Martin Grubinger über Gerechtigkeit
Gerechtigkeit. Ein Wort, dass allzu oft völlig widerspruchslos für unterschiedlichste Interessen und politische Intentionen herhalten musste. In Umfragen beteuert eine grosse Mehrheit in unserem Land, dass dies für uns Bürgerinnen und Bürger persönlich wichtig ist. Dass es gerecht zugeht.
Gerechtigkeit im täglichen Leben
Aber was bedeutet dieser Begriff für unser tägliches Leben eigentlich? Der Philosoph Avishai Margalit beschreibt das im Umgang der Institutionen mit seinen Bürgern so: „Eine Gesellschaft ist dann anständig, wenn deren Institutionen die Menschen nicht demütigen.“ Dies kennzeichnet für mich den übergeordneten Begriff von Gerechtigkeit. Anstand, Würde und Freiheit. Der Umgang des Staates mit seinen Bürgern. Gerechte Löhne, ausbalancierte Lasten, Bildungschancen, Meinungs und Pressefreiheit. Dazu der liberale Gedanke der freien Entfaltung eigener Lebensentwürfe.

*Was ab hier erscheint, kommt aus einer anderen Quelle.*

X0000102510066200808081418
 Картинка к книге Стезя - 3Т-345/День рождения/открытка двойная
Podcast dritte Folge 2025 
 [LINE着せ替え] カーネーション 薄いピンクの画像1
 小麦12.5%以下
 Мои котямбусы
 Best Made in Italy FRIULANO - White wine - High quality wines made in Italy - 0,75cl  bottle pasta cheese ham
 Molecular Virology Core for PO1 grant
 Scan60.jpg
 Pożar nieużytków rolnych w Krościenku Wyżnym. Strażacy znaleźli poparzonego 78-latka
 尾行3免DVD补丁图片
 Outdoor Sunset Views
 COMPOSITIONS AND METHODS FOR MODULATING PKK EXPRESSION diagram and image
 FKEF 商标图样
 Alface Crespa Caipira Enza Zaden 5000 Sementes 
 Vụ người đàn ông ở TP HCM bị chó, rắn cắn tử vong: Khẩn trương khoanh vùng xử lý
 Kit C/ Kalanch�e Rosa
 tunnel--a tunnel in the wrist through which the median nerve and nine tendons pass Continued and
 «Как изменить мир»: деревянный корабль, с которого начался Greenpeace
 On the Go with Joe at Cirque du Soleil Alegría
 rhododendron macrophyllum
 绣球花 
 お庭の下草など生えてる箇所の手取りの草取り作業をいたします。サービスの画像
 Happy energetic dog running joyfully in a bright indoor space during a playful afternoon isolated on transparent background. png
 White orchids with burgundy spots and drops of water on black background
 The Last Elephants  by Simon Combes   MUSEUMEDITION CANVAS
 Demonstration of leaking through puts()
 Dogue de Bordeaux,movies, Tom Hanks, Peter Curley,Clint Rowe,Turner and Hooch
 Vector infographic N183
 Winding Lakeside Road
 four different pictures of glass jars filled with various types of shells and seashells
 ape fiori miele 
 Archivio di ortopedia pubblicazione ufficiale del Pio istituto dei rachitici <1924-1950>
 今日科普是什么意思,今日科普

Der Weg zu mehr Gerechtigkeit
Die jetzige Krise wird all das in Frage stellen. Zu lange wurde der Begriff der Würde, des Anstands, der Gerechtigkeit und Freiheit von Politikern gekapert, die eine illiberale, autoritäre Gesellschaft wollen. Auf der anderen Seite klingt es bei jenen, deren Bewegung diese Begriffe über Jahrzehnte definiert hat, wie eine hohle, starre und ausgezerrte Phrase. Wenn wir endlich unsere Stimme wiederfinden und den langen Weg zu neu gewonnener Glaubwürdigkeit antreten, ist eine neue, freie und gerechtere Gesellschaft möglich. Dass es diese Stimme mehr denn je brauchen wird, ist völlig unbestritten.